A Humboldt High School student was helping dig footings for the building trades group's next project when she found a small piece of metal. It turned out to be a Civil War-era sword belt plate worn by Union officers and military cadets.
Humboldt High School building trades student Olivia Black shows a brass Civil War-era belt plate she uncovered while digging a footing for a house under construction in Humboldt. She is with Robbie Baker, a member of the Humboldt Historical Society Museum Board of Directors. The plate will be displayed at the museum. Courtesy photo
HUMBOLDT — A construction project turned into a unique history lesson this week when Humboldt High students hit upon some Civil War artifacts.

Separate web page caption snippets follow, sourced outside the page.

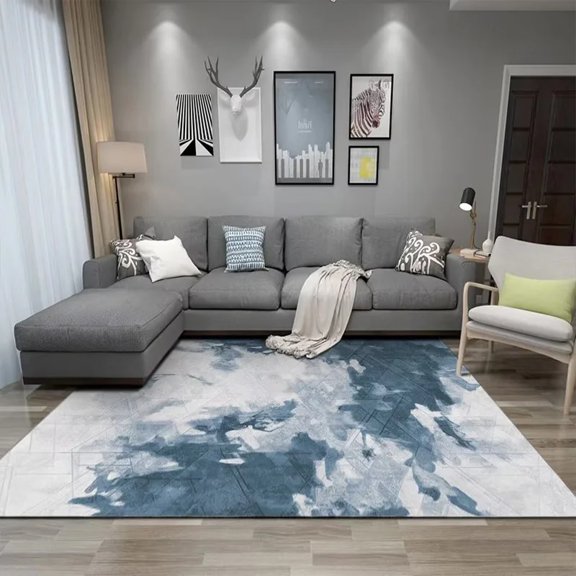 European Style Decoration Living Room Carpet Abstract Large Size Bedroom Rugs Soft and Fluffy Non-slip Office Flannel Mats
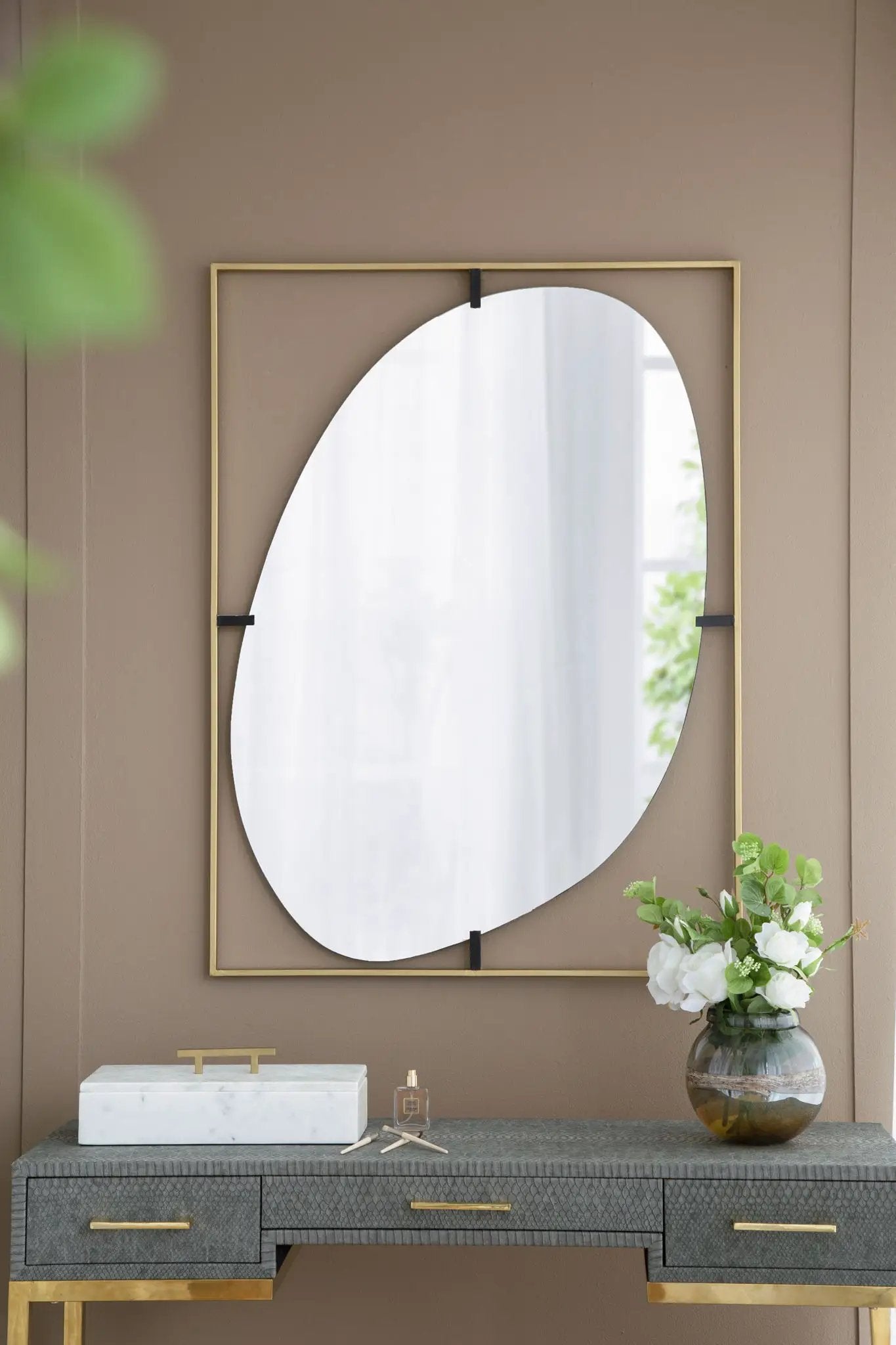 Poppy Mirror With Metal Frame Contemporary Design For Bathroom, Entryway Wall Decor by HouseOfZazla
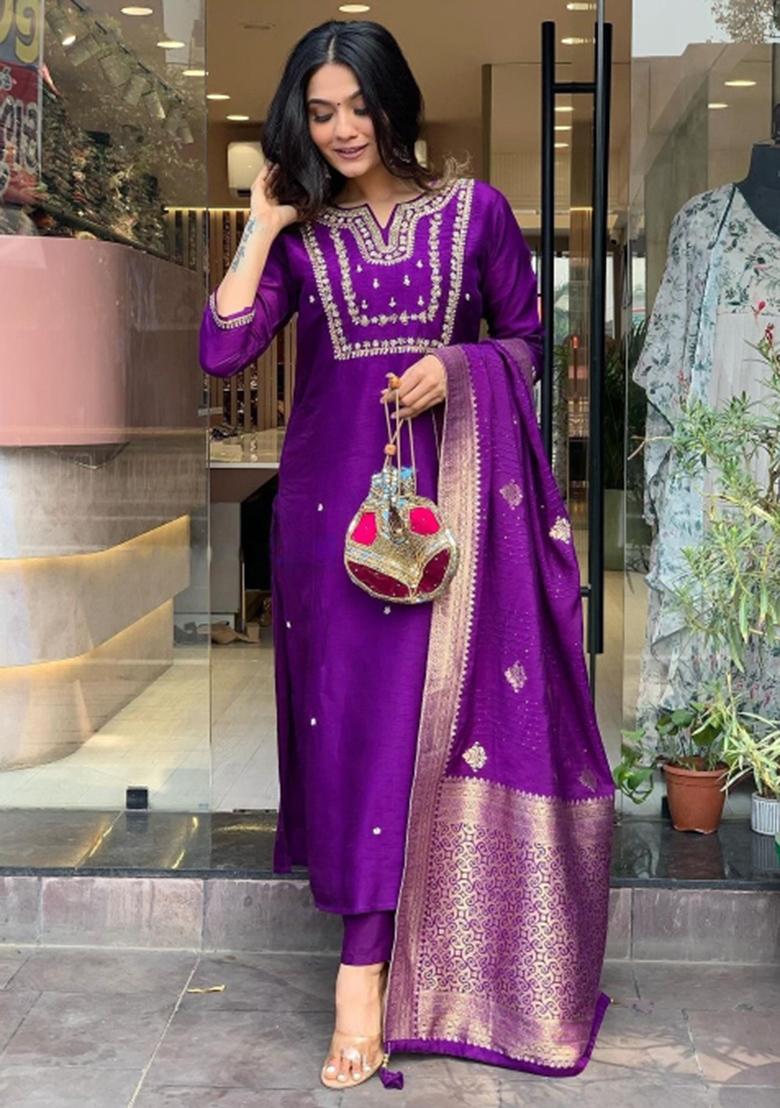Purple Embroidered Chanderi Kurta Set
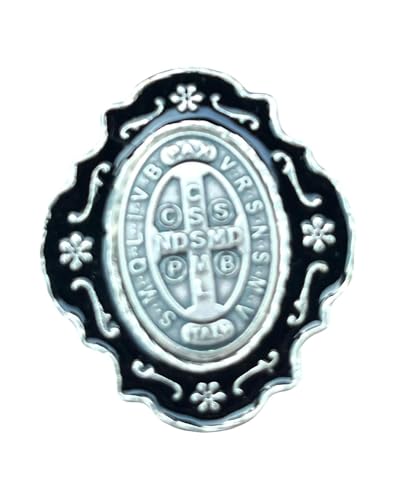 Catholic Silver Linked Rosary Set – 3mm Beads, 14.25" Length, Metal Keepsake Gift Box with Enamel Inlay – Perfect First Communion Gift (Saint Benedict) - color: Saint Benedict
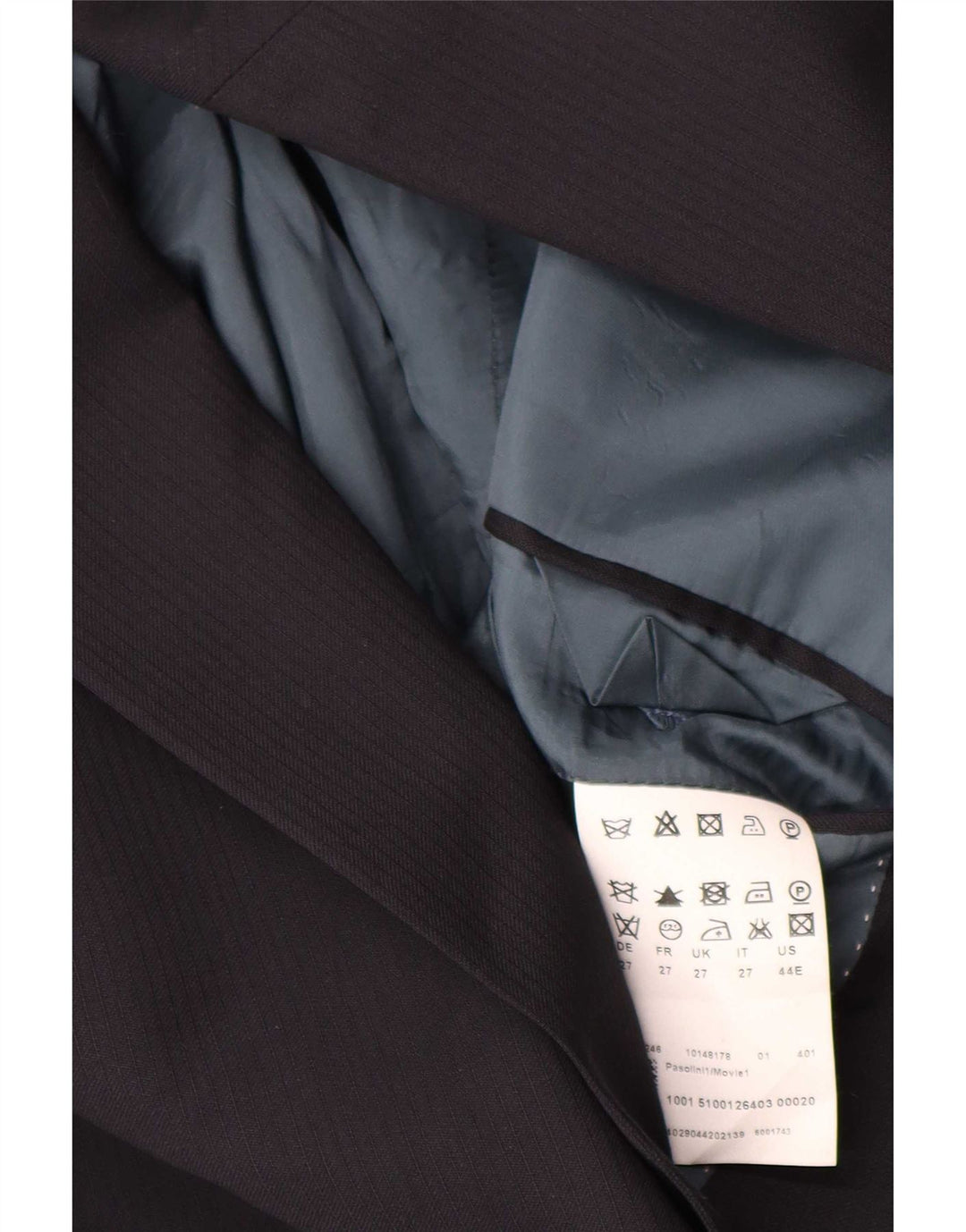 Blazer pentru bărbați Hugo Boss, cu 2 nasturi, UK 42 XL, lână cu dungi, albastru bleumarin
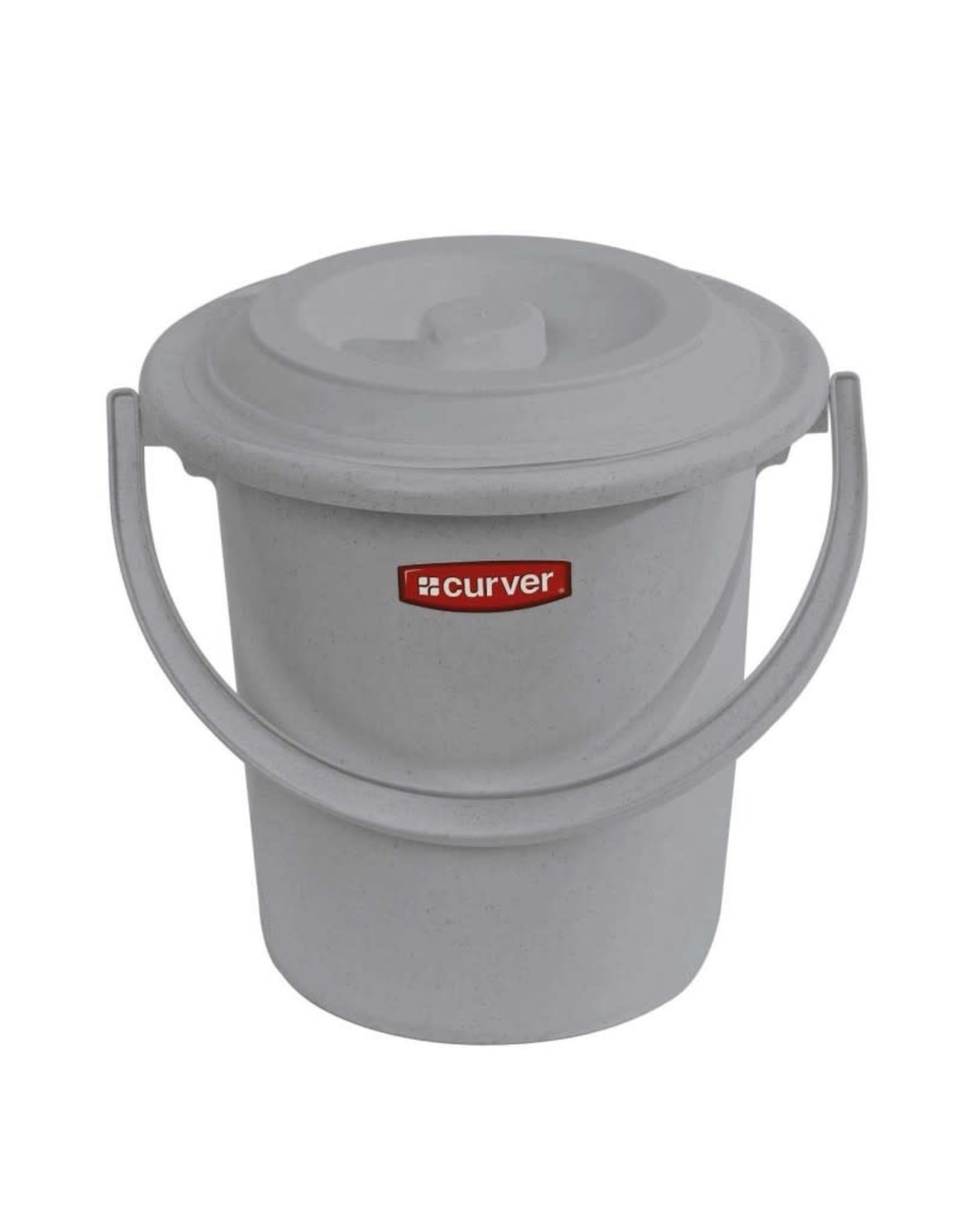 CURVER Curver Camping Toiletemmer - met Deksel - 5 l - Ø 23,5 cm - Lichtgrijs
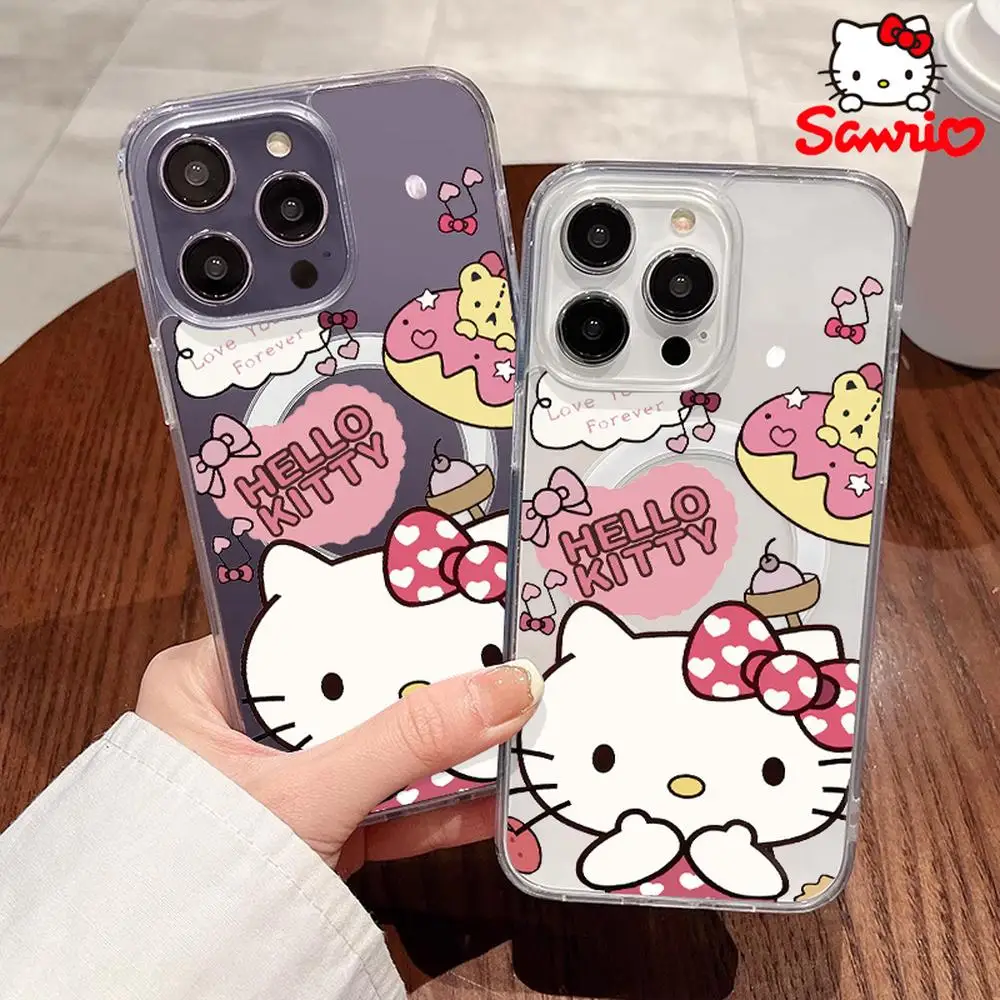 

Sanrio Hellokitty Phone Cases Fall Prevention Iphone 16/15/14/13/12/11 Woman Iphone Case Hello Kitty Cartoon Accessory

Olivia Black, a building trades student, was helping with the group’s next venture, building a home in the 500 block of Pecan Street.
Black was helping dig out soil a couple weeks back when she spotted a small piece of metal.
Neither she nor class instructor Scott Murrow knew what it was, only that it featured an eagle clutching a wreath in front of a field of stars.
“Neither one of us had any idea what she found or how old it was,” Murrow said afterward.
A visit to Robbie Baker, a Humboldt history buff and member of the Humboldt Historical Society Museum Board of Directors, gave them their answer.
Baker determined the artifact is a Civil War-era sword belt plate, worn by Union officers and military cadets in the mid 19th century.
It’s actually one of an unknown number of relics likely still hidden in and around Humboldt, Baker explained, pointing to the community’s rich Civil War history.
Humboldt was the site of an 1861 raid by those sympathetic to the Confederacy. Nobody was killed, but several buildings were ransacked and burned, and a number of former slaves were taken back into captivity.
Following the raid, Union soldiers set up camp in Humboldt — Camp Hunter — as the Union drove the Confederate attackers back across the Missouri state line.
WITH THAT as the prologue, Baker was able to help Black and Murrow find out a bit more about the plate.
“It has a couple of pieces that were broken off, but it’s still in pretty good shape,” Baker told the Register.
The Model 1851 the student uncovered is actually a rarity, according to a book on Civil War relics.
Made with stamped brass and adorned with lead, the belt plate has enough fine background striping to indicate it was to be worn by an officer, and not an enlisted soldier.
This type of construction is rarely seen and seems to be associated with a finely made officer’s full dress belts.